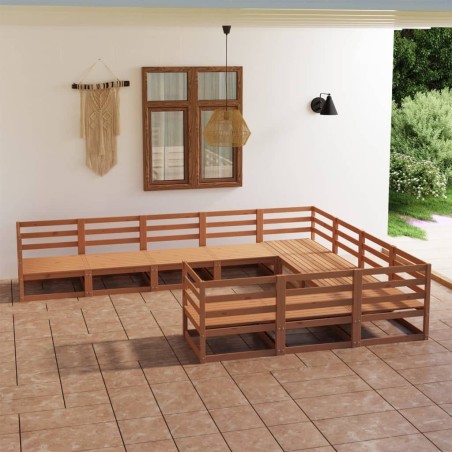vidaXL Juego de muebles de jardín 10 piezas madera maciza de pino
*****
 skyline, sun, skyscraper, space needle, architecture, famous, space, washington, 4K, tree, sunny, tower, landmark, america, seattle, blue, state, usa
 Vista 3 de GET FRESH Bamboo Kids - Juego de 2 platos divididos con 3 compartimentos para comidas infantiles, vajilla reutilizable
*****
ACTION ITEM ▸ Within the material above, transcribe exactly the lines that run from the line holding "skyline, sun, skyscraper, space" through the line holding "Vista 3 de GET".

TASK OUTPUT ▸
 skyline, sun, skyscraper, space needle, architecture, famous, space, washington, 4K, tree, sunny, tower, landmark, america, seattle, blue, state, usa
 Vista 3 de GET FRESH Bamboo Kids - Juego de 2 platos divididos con 3 compartimentos para comidas infantiles, vajilla reutilizable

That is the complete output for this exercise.